Below are entries. Give back exactly the lines from the one containing "Kitchen - 401" through the one containing "Εικόνα της Oral-B", inclusive, without the pictures.

Given data:
☆ ☆ ☆
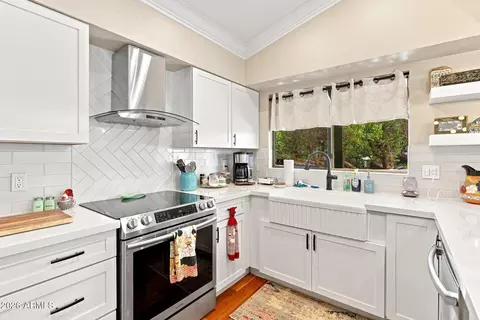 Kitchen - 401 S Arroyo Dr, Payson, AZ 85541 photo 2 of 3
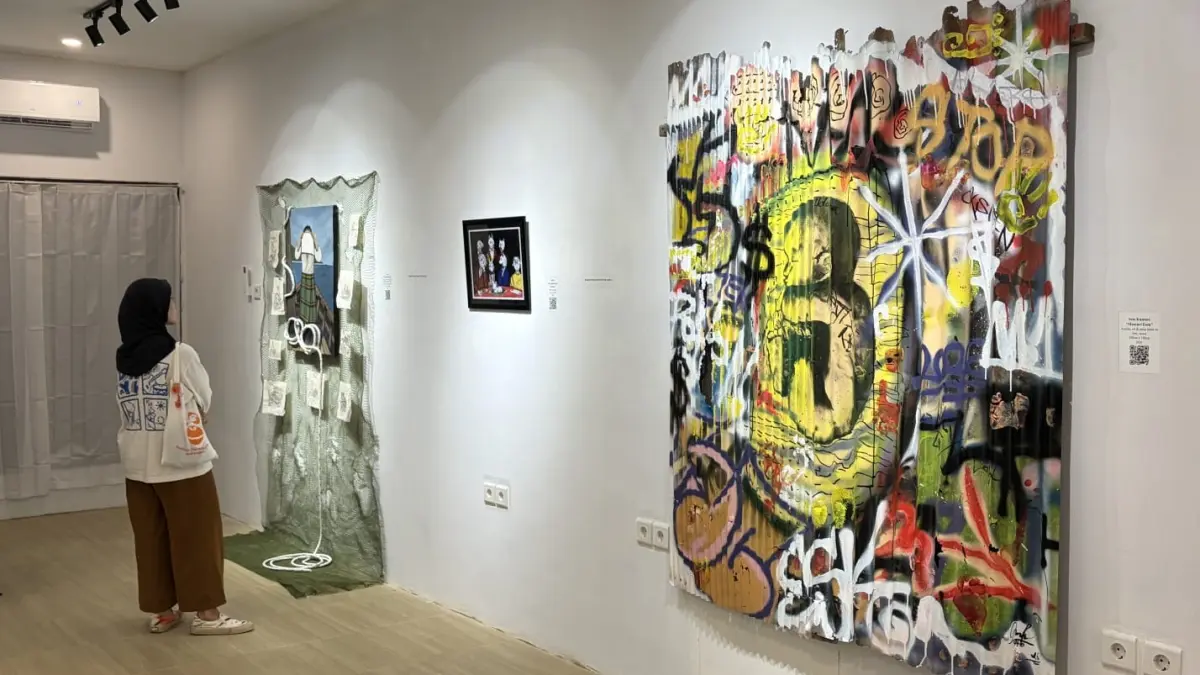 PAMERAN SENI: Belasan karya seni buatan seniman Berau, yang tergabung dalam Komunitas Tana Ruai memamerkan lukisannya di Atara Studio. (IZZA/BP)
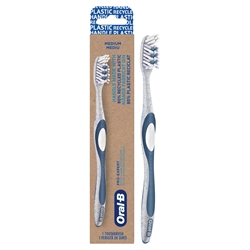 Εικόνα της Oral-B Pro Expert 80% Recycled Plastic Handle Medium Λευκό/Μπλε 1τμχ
☆ ☆ ☆
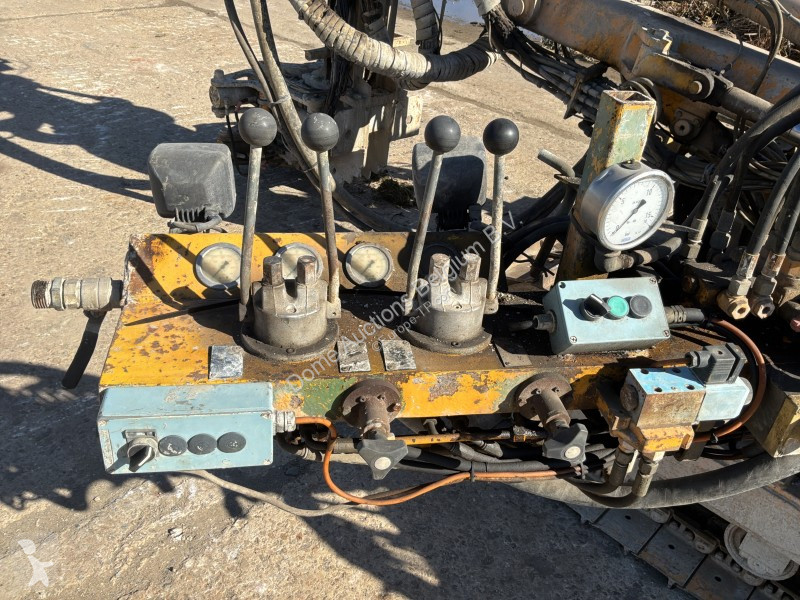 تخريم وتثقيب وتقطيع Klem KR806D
☆ ☆ ☆
Expected answer:
 Kitchen - 401 S Arroyo Dr, Payson, AZ 85541 photo 2 of 3
 PAMERAN SENI: Belasan karya seni buatan seniman Berau, yang tergabung dalam Komunitas Tana Ruai memamerkan lukisannya di Atara Studio. (IZZA/BP)
 Εικόνα της Oral-B Pro Expert 80% Recycled Plastic Handle Medium Λευκό/Μπλε 1τμχ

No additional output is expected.